I searched Tag’s face. Under his compassion lay a wary watchfulness, a clear
sign he expected me to break, as if it was a forgone conclusion. His look morphed my helplessness to fury, and it seared through my veins chasing out the
numbness. My fingers curled around my gun, and I yanked my hands out from
under his. “Can’t or won’t?”
He didn’t answer, instead he recaptured my hands. His touch sent a small jolt
of static electricity zinging along my skin. It almost made me miss his flash of
quickly squashed guilt.
Almost.
“You bastard,” I hissed, a sickening sense of certainty crashing through me.

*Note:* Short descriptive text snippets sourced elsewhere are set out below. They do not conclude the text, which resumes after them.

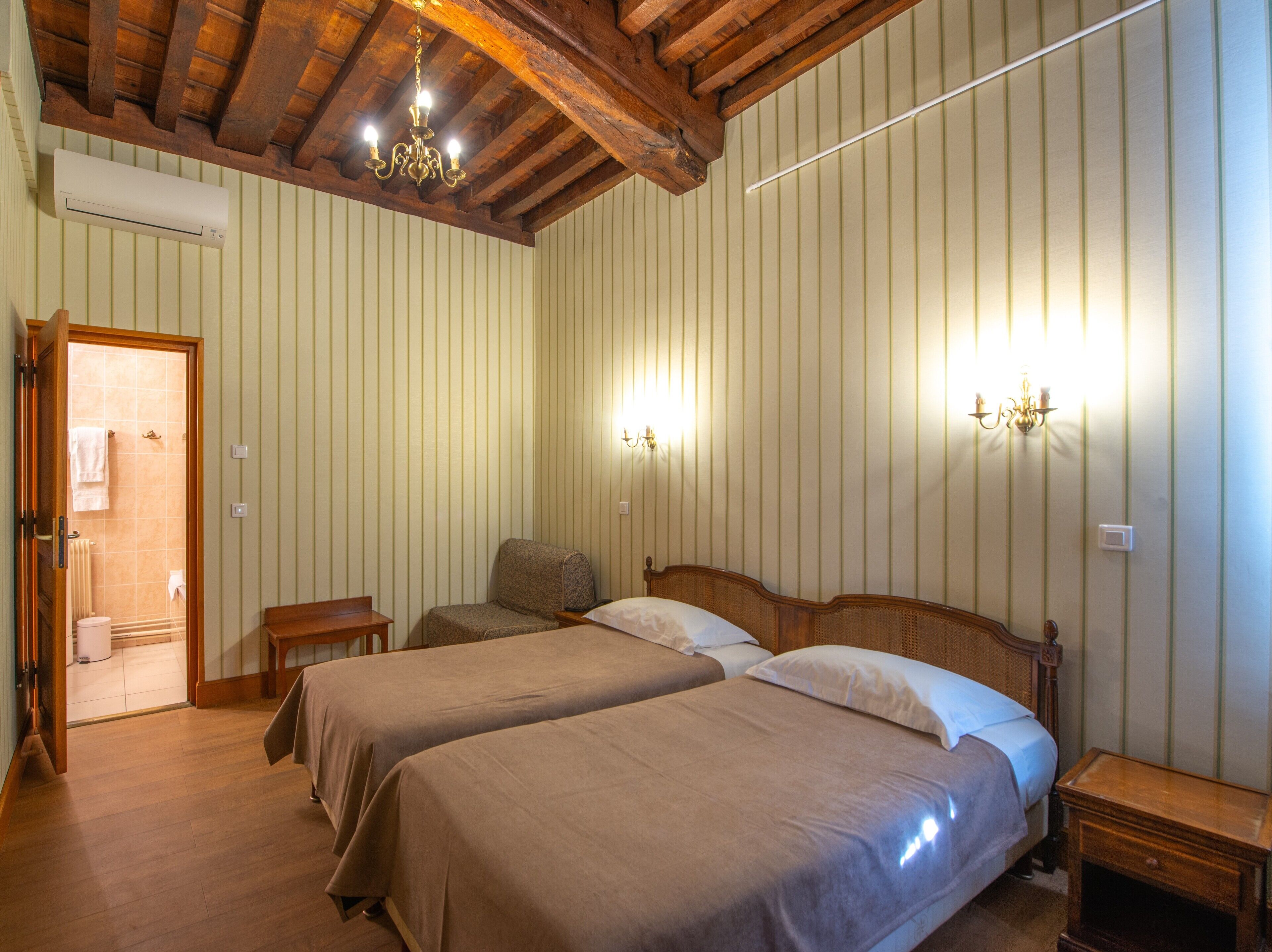 Habitación de hotel con dos camas, vigas de madera en el techo, una araña y apliques de pared.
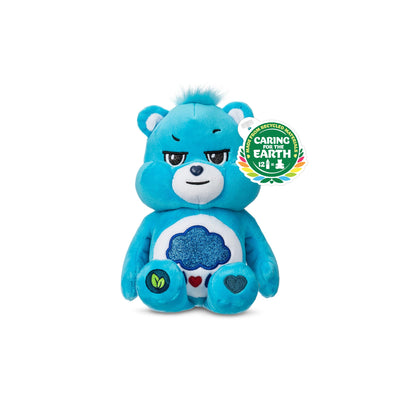Blue plush bear with a badge on a white background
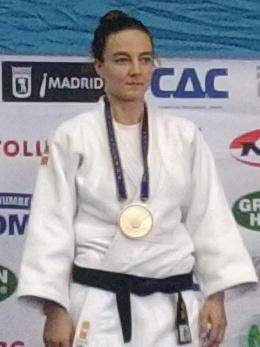 Vier Judoka stehen auf dem Siegerpodest, drei mit Medaillen, vor einer Bannerwand in einer Sporthalle.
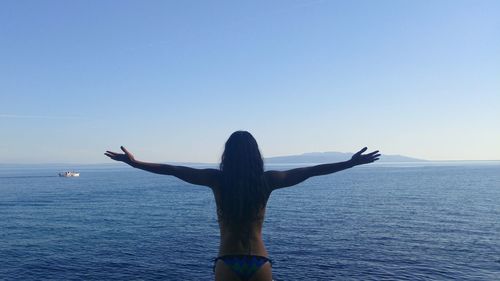 Rear view of woman standing by sea against clear sky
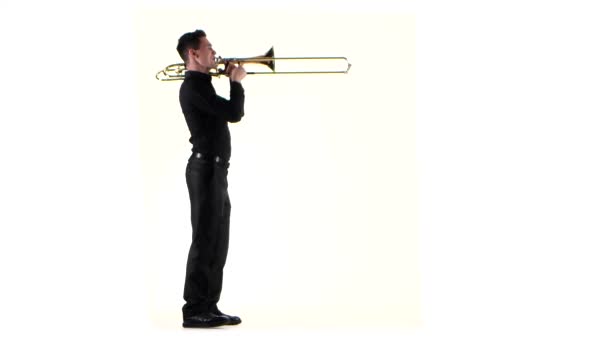 Trumpeter plays on wind instrument fast melody in white studio — Stock Video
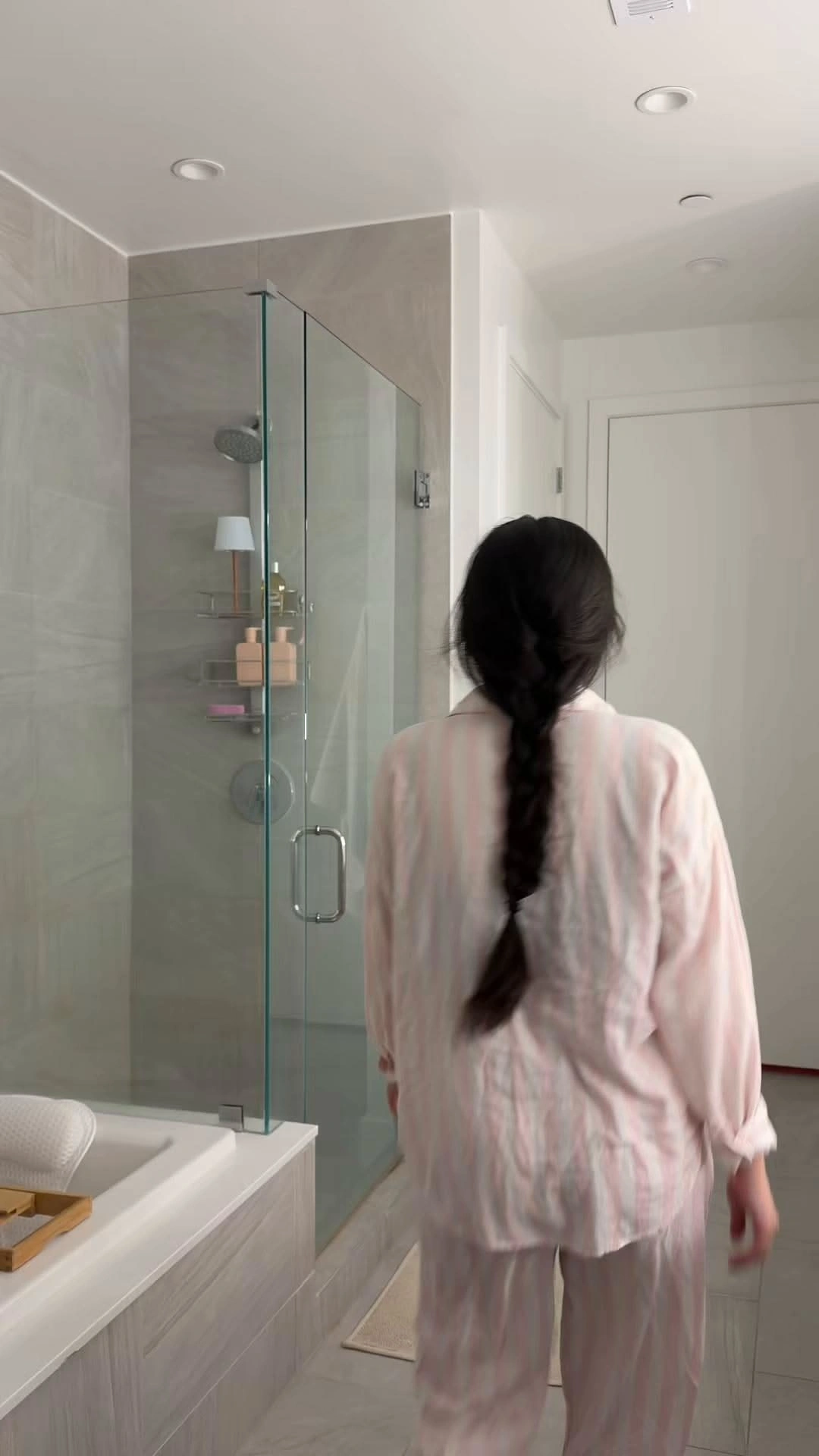Arabella in striped pajamas walking into a bright bathroom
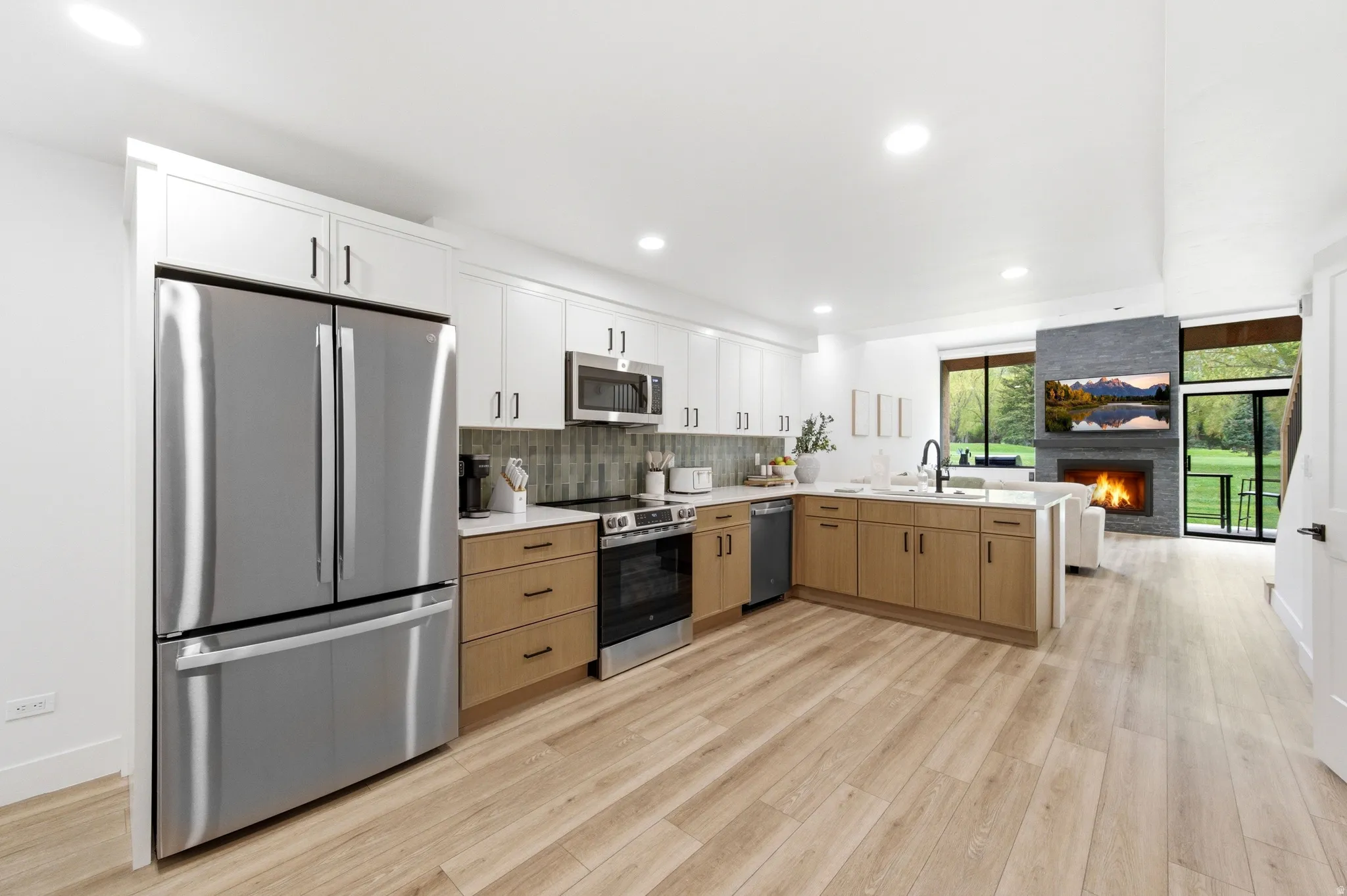 Modern kitchen featuring stainless steel appliances, two-tone cabinetry, and wood-finish flooring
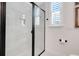 Modern bathroom featuring a glass shower with black trim and a bright window at 1990 Wallingford Loop, Mount Dora, FL 32757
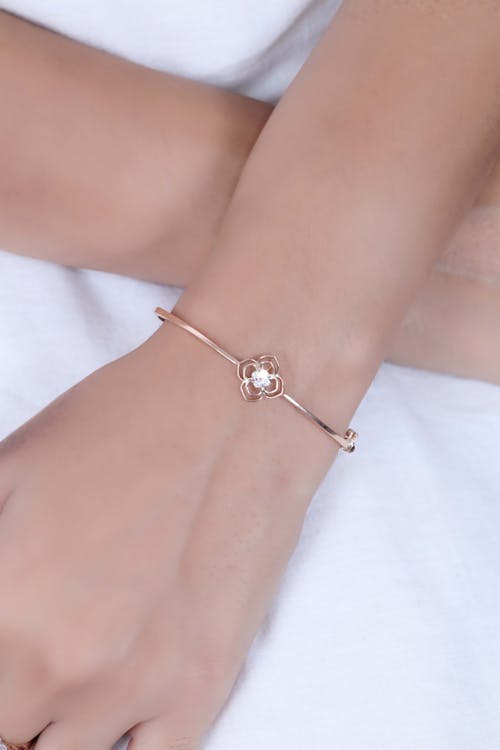 Close-up of Woman Wearing a Delicate Bracelet with a Flower Shape in the Middle 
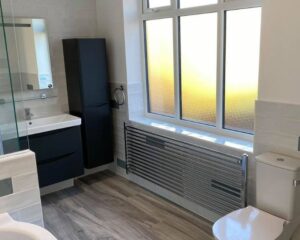 A new bathroom that has been fitted with blue cabinets and cupboards, wood-effect vinyl flooring, a new toilet and metal radiator.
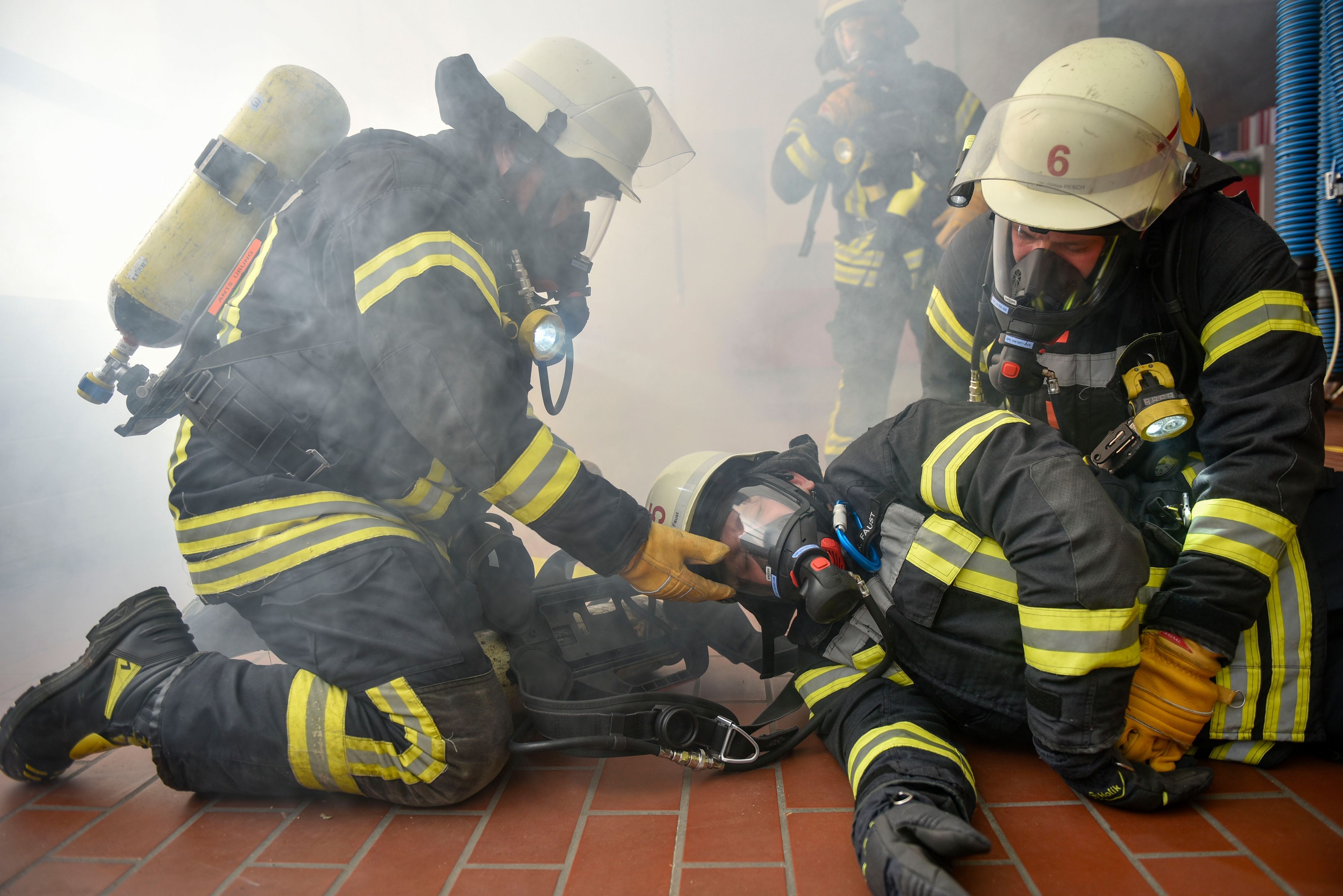 Das Bild zeigt Feuerwehrmänner mit Atemschutzmasken, die einen Kollegen retten.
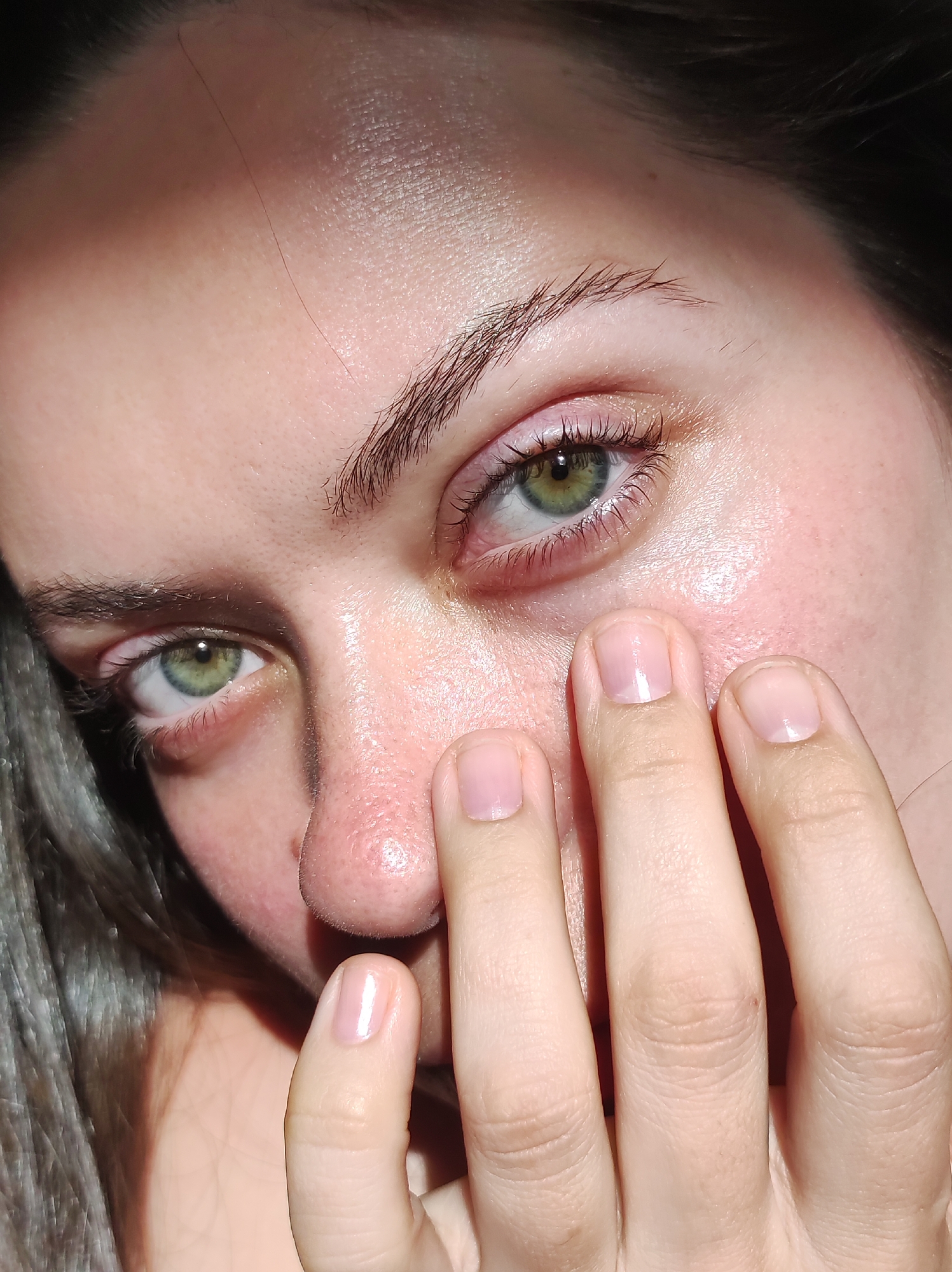 A close-up photograph captures a portion of a person's face. The individual has green eyes, light skin, and light brown eyebrows. A hand is partially covering the face, with fingers touching the cheek and nose. The background is indistinct. The photograph was taken indoors. The location in the city is Unknown, Unknown.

He knew something, something he didn’t want to share. He was going to screw
me again. I scrambled to my feet, knocking him away. “My sister is dead! You
don’t get to shut me out!”
“It’s not my decision, you know that.” He remained crouched in front of me.
Somewhere behind me Kayden must have made a move because Tag signaled
him to hold.
“No, I don’t.” I stood there, shaking with the force of my raging emotions as the past and the present collided, boiling into an incandescent storm.
At one time, he was the big brother I needed, pushy and protective. I
believed him without question, trusted him to cover my back for years in some
of the biggest hellholes on earth. Until the day I sat in a cold courtroom, alone,
answering the unanswerable in a flurry of accusations. Now, when I needed his
honesty the most, he wouldn’t talk. “What the hell is really going on here, Thomas?” I bit out the question.
Tag slowly straightened to his full six foot four, his face blanking into a familiar stonewall. “It’s classified.”
“No.” I shook my head slowly, never breaking eye contact. “No, you don’t get to pull this shit on me again. The two of you are going to level with me.”
“Or what?” Kayden’s question jerked my head around. He pocketed his cell
phone and came closer.
I raised my hand to hold him off. “Or I walk away.”